Re: [Ext2-devel] disk throughput

Linus Torvalds (torvalds@transmeta.com)
Mon, 5 Nov 2001 18:10:47 -0800 (PST)


On Mon, 5 Nov 2001, Alexander Viro wrote:
>
> Depends on the naming scheme used by admin, for one thing. Linus, I seriously
> think that getting the real-life traces to play with would be a Good Thing(tm)
> - at least that would allow to test how well would heuristics of that kind do.

Well, we hae some real-life traces. Those particular real-life traces show
that the "switch cylinder groups on mkdir" heuristic sucks.

And you have to realize that _whatever_ we do, it will always be a
heuristic. We don't know what the right behaviour is without being able to
predict the future. Agreed?

Ok, so let's just assume that we had no heuristic in place at all, and we
were looking at improving it for slow-growth situations. I think you'd
agree that decreasing the performance of a CVS checkout five-fold would be
considered _totally_ unacceptable for a new heuristic, no?

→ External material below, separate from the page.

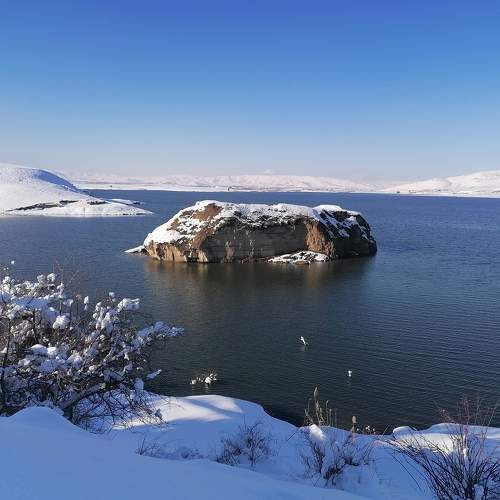 Photo #8913334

So the current heuristic provably sucks. We have cold hard numbers, and
quite frankly, Al, there is very very little point in arguing against
numbers. It's silly. "Gimme an S, gimme a U, gimme a C, gimme a K -
S-U-C-K". The current one sucks.

So the only question on the table is not "do we stay with the current
algorithm", because I dare you, the answer to that question is very
probably a clear "NO". So there's no point in even trying to find out
_why_, in 1984, it was considered a good heuristic.

The question is: "what can we do to improve it?". Not "what arguments can
we come up with to make excuses for a sucky algorithm that clearly does
the wrong thing for real-life loads".

One such improvement has already been put on the table: remove the
algorithm, and make it purely greedy.

We know that works. And yes, we realize that it has downsides too. Which
is why some kind of hybrid is probably called for. Come up with your own
sixth sense. We know the current one is really bad for real-life loads.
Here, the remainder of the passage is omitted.